→ **TASK DESCRIPTION**: Without changing a word, copy every line of the listing below and leave out the images.
(DATASET EXCERPT begins)
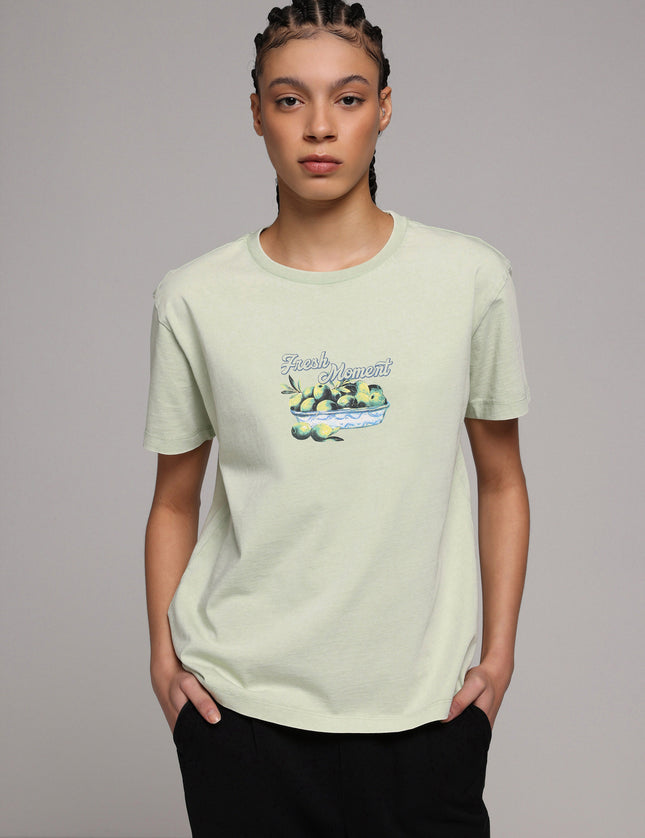 تيشيرت كولينز بأكمام قصيرة 1078710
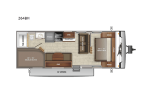 Thumbnail Photo 1 for 2023 JAYCO Jay Flight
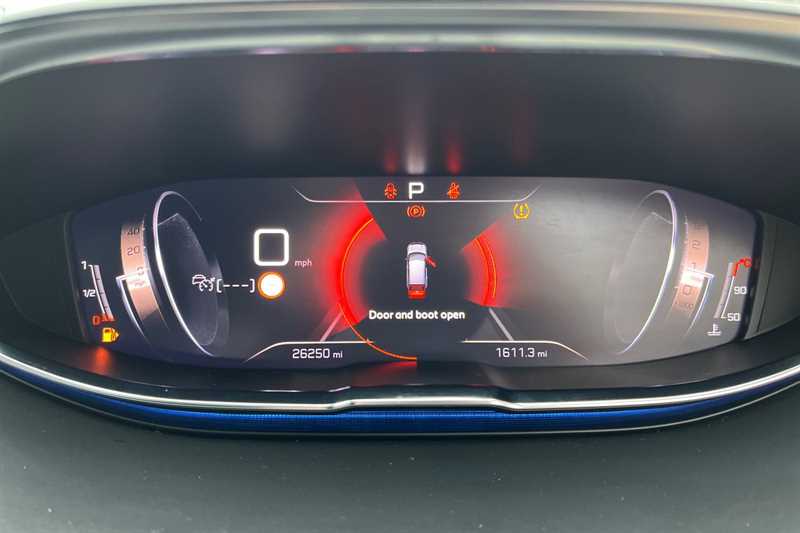 Used Peugeot 3008 2021 for sale - 77811944: Photo 20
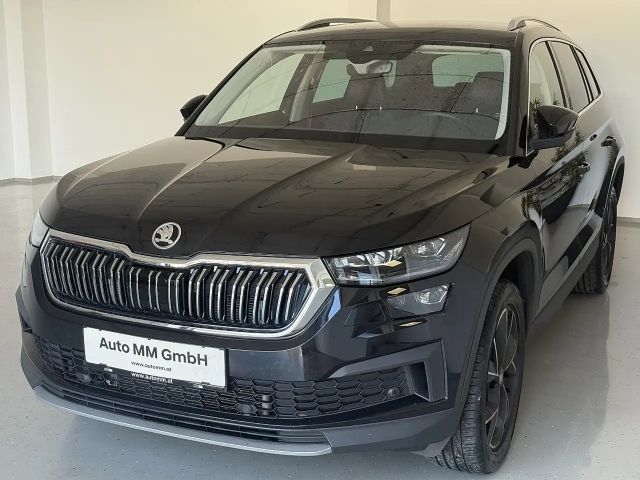 Skoda Kodiaq 4x4 Style Style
(DATASET EXCERPT ends)
→ **RESPONSE BOX**:
 تيشيرت كولينز بأكمام قصيرة 1078710
 Thumbnail Photo 1 for 2023 JAYCO Jay Flight
 Used Peugeot 3008 2021 for sale - 77811944: Photo 20
 Skoda Kodiaq 4x4 Style Style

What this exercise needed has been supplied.